Why free education cost more?
What's wrong with quarantine education?
There is a trend to provide services for free, which appeared during the coronavirus. Most of the free money was distributed in the field of education. It looks like a great altruistic and motivating idea. But as we self-developed for free, the feeling grew that there is some trick behind it all.
Trend researchers had to split into two groups and exchange arguments. One group defended the initiative: it is necessary to help each other in difficult moments, and home quarantine is the best time for distance learning. The second group argued the opposite.
Here are some arguments of the second group, because it is much easier to agree with the position of the first.
1.After the end of quarantine, it will be impossible to sell this course. The buyer does not pay for what he took for free. Of course, these are problems of business, and we can take advantage of its altruism. The thought "Here's a loser…" flashes through my head, but the suffering of the manufacturer rarely or never worries us.
2.Online education is a business. Business law: "There is no purpose — do not agree." So, if the course was not designed to make money, then for what?
3.The inscription "free" awakens in us the reflex to grab even unnecessary. So you can take a course that will never be useful in life. And let it cost nothing in itself; how much did your wasted time cost?
4.If the exchange rate used to cost money, but now it is given away for free, a natural question arises: was the exchange rate worth money when it was sold?
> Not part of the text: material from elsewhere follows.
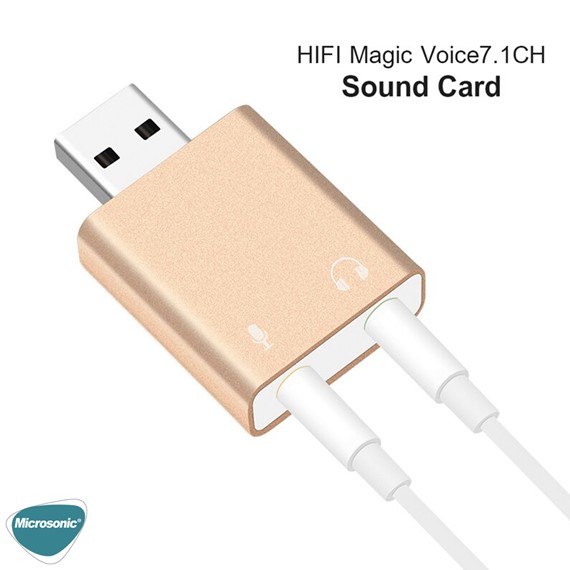 Microsonic USB Sound Card USB to 3 5mm Kulaklık ve Mikrofon Çevirici Adaptör Gold 6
All this is empty reasoning, unworthy of experienced marketing fighters. We need to dig deeper, as we are used to. There we will find a reward system for the body, built on the laws of chemistry and physics, i.e., free from speculation.
It's all about dopamine
The harder and inaccessible the course will be for you, the more dopamine you will receive as a reward. Research by The Brain Prize 2017 winners proves that the hormone dopamine is not only a mediator of pleasure but also promotes learning and the process of memorization.
The more difficult the process to achieve, the more dopamine there will be, and the better you will remember the content of the course. But if you now get what was previously valuable without any effort, for free, then dopamine can work the other way around until the emergence of behavioral disorders.
The problem with any online course is that it is difficult to hold students' attention. The drama of free courses is that students don't even have the motivation to focus "because I paid for it." In addition to communicating with their pets, they inevitably check social networks, write messages and letters, watch off-topic videos, play and listen to music. Research from the University of London shows that media multitasking lowers IQ in the same way as sleepless nights and smoky jambs but without the associated pleasures.
Of course, all of the above does not apply to systemic free education in schools. Although, stop! Or does it apply?